I think of “butch” as meaning very masculine, but also fitting a number of other stereotypes – often overweight or big boned and very muscular, often doesn’t pay a lot of attention to dress, etc.  But there are other sorts of masculine women.  I find myself very frequently attracted to androgynous women, what I suppose you would label “bois” – petite women with short haircuts who retain feminine features, so that they more or less look like a 12-year-old boy.  There are also women who are very traditionally attractive but wear a lot of boyish clothing.  I find that the more choices I make about my own appearance, the more I start to move away from the traditional feminine.  Aside from my usual suit-and-tie combination, I’ve found that I really like how I look in more masculine casual clothes as well.  Now that I’ve found a good way to style it, I love my extremely androgynous haircut.  Yesterday, I was wearing a faded black tanktop that looks like a “wifebeater” essentially and I found myself flexing my muscles in the mirror and taking my glasses off to blur my feminine features.  When I was a teenager, I used to wonder what my “boy self” would look like.  I’ve been drawn to masculinity for a long time, and I absolutely love dressing in drag.  I just feel really comfortable and really sexy when I’m androgynous.  However, I try not to think too hard about it, because I really don’t want to be a man, or at least, not a heterosexual man.
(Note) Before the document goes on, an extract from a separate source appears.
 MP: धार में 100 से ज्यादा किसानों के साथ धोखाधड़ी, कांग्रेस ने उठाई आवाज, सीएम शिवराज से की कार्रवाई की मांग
More on that later.

Activities/Mannerisms

Something else that I think bolster’s someone’s “butch” image is the things she does.  This ranges from activities – maybe owns a motorcycle, knows how to change her own oil, likes sports and having a beer with her buddies – to more simple things.  These are an area, actually, where I think femmes affirmatively make themselves femmes – by spending time on makeup and hair, wearing lotion, shopping, etc etc.  I also think this is a place where a lot of people end up falling in the middle.  I don’t look like the stereotypical butch, but I know how to change the oil, I like (not US) football, I never wear makeup or “do” my hair, etc.  It’s hard to think of me as really femme for that reason.

Sexual Stuff

Here’s where my own heebie jeebies come out.  Now of course, everything in this post is a generalisation, talking about stereotypes into which most lesbians probably don’t fit.  But I’ve read a little about fantasies and lesbian sexuality and I have to say some of the butch/femme sexuality really throws me.  The reason is that it seems, to me, to come really close to heterosexual sexuality and really close to the kind of “male oppression” stuff that has become more and more a turnoff to me since I stopped having sex with men.  Of course, I’m sure there are lesbian women who fantasise about choking on a dildo, or being fucked painfully, or having sex with someone who identifies as male.  There is absolutely nothing wrong with that.  It’s just that for me, being on either side of that equation would be a major turn-off.  Being with a man, especially sexually, turned me into a weak, meek person completely unlike myself.  If I were on the “female” side of that equation in a lesbian relationship, there’s nothing to say the same thing wouldn’t happen.  At the same time, if I were on the “male” side, I don’t want to be hurting someone or interjecting heterosexuality in the relationship.  To me, the beautiful thing about lesbian sex is that it’s two women, exploring female sexuality.  I do need to learn to mentally disconnect certain “heterosexual” acts that I actually enjoy from heterosexuality, so that I can enjoy them with a woman.  I’ll admit that.  But when actual roleplay starts up, I can’t see myself as a butch or a femme, because I don’t want that particular dichotomy in my bed.  I want whatever power differential is set up (and believe me, I like power differentials) to be between two women, using our female energies.  Man, I’m a hippie.

That wasn’t supposed to turn into a rant, but anyway, that’s my take on the butch/femme roles.  If you really enjoy fitting into one or the other, more power to you!  I’m just happy as an androgynous, outside-the-box lesbian who likes other androgynous, outside-of the box lesbians.  There it is.